The Trial and Chimes At Midnight are the two films that show the great experimenter Welles working on a large scale, financially equipped to render his visions appropriately and without great compromise. These films are incredibly dense in their cinematographic language, effectively disguising Welles in a familiar fiction re-told in a wholly unique way. No other director could have imagined The Trial the way Welles has, nor find their own journey as a struggling filmmaker reflected in the plight of K. so subtly that it is hardly perceptible. These are momentous works of modern art as well as intimate meditations by an artist who spent his life spellbinding audiences with the magic of the cinema.

To call a film like The Trial “surreal” or any other pedestrian buzz word is reductive to the point that it becomes insulting.
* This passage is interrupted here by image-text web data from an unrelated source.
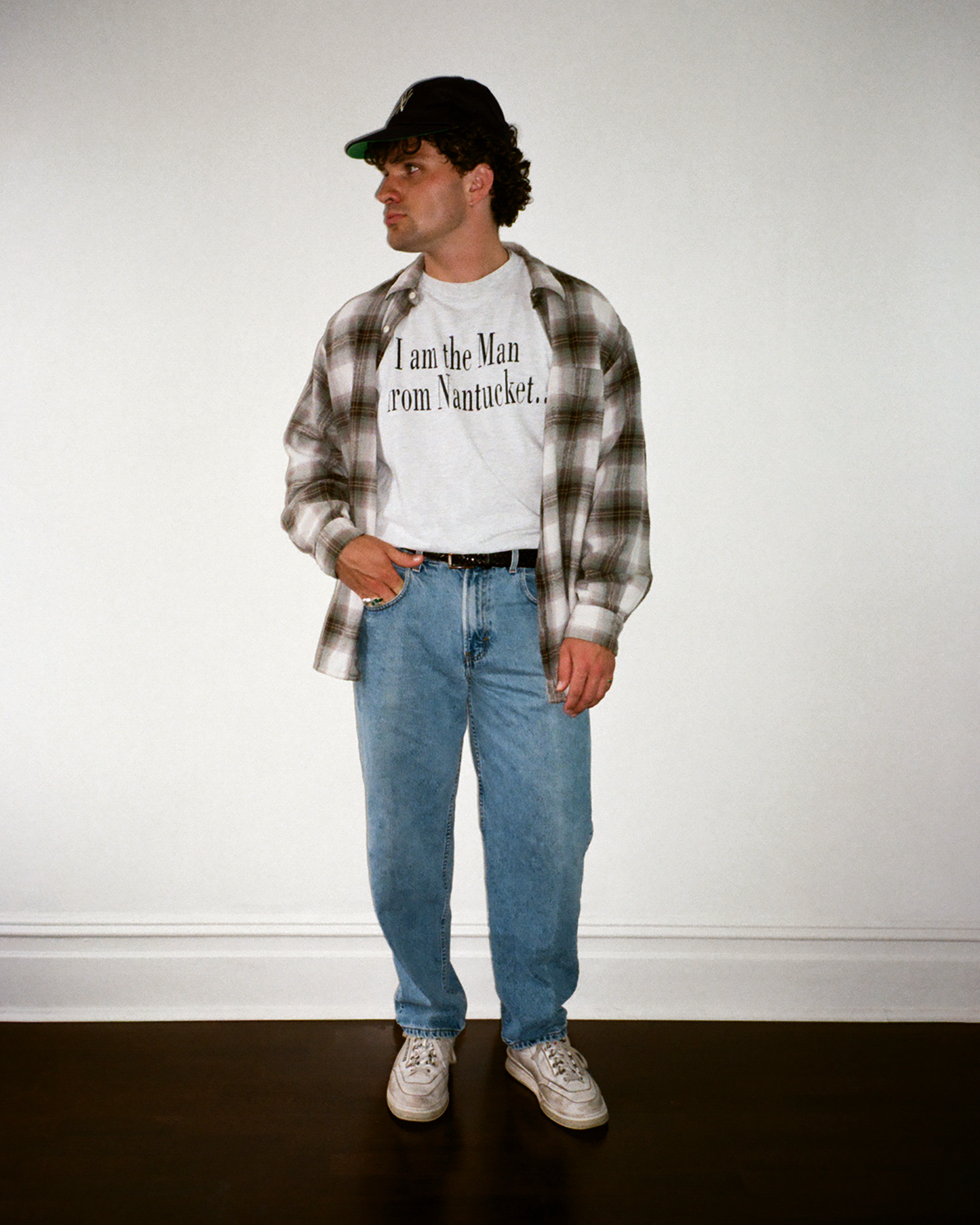90s Gap Shadow Plaid Flannel Shirt: Green XL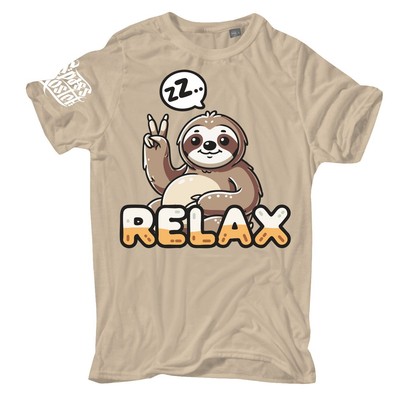 Herren T-Shirt Relax lustige chillen work nope arbeit stress motive faultier fun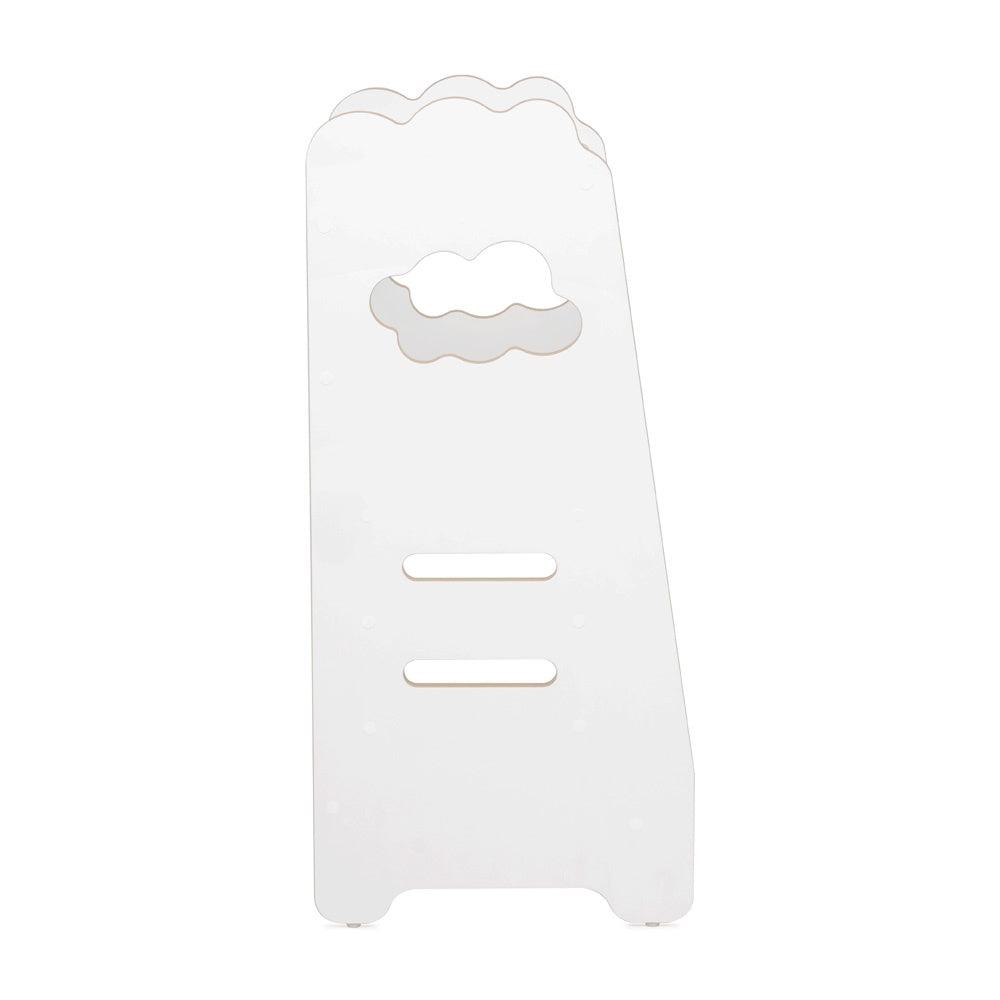 Tabouret d'aide cuisine enfant 2 niveaux - Blanc nuage - Bois - PLUSH NEST Misioo Tabouret d'Apprentissage Enfant Blanc - Nuage 2 Niveaux - PLUSH NEST myplayground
The Trial draws on the schools of German Expressionism, Antonin Artaud’s Theatre Of Cruelty, and Kafka’s own urban fantasticism to create a singular filmic work that continues to explore Welles’ signature uses of deep focus, jump cuts, and Dutch angles. The effect may be “surreal” to the viewer, but on a formal level The Trial defies such easy labeling. Like its director, The Trial is many things at one to the point that classification of any kind becomes relatively meaningless.

Despite this description, The Trial, like any of Welles’ films, is not an art house picture for intellectuals. Orson Welles saw the cinema as a magic show for the masses; a great communal art that unifies all of society in a single cinematic experience of spectatorship. The Trial is not a difficult film to follow in any way. All Welles ever wanted to do as a filmmaker was to tell stories in a wholly unique way so that the audience could engage the work again and again as something new.